───── COLLECTED DATA

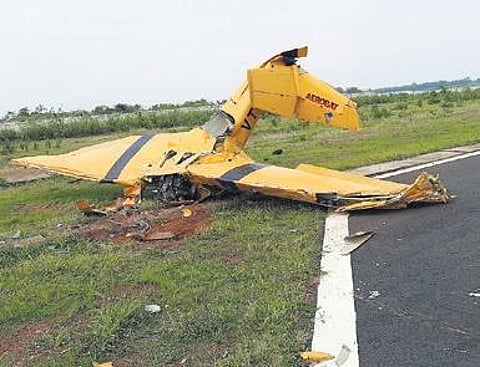 The cessna aircraft that crashed.
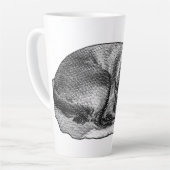 Langsame Hitze, kein Stress Milchtasse (Linke Ecke)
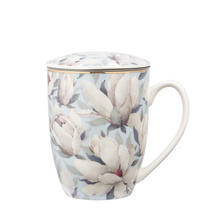 Kubek z zaparzaczem i pokrywką 350ml Magnolia Błękitna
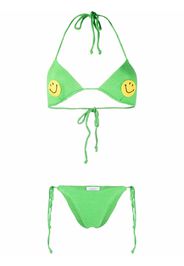 Philosophy Di Lorenzo Serafini smiley crochet bikini - Verde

──────────

● **WHAT TO PRODUCE**
Once the pictures are set aside, repeat the remaining data word for word.

● **ANSWER BOX**
 The cessna aircraft that crashed.
 Langsame Hitze, kein Stress Milchtasse (Linke Ecke)
 Kubek z zaparzaczem i pokrywką 350ml Magnolia Błękitna
 Philosophy Di Lorenzo Serafini smiley crochet bikini - Verde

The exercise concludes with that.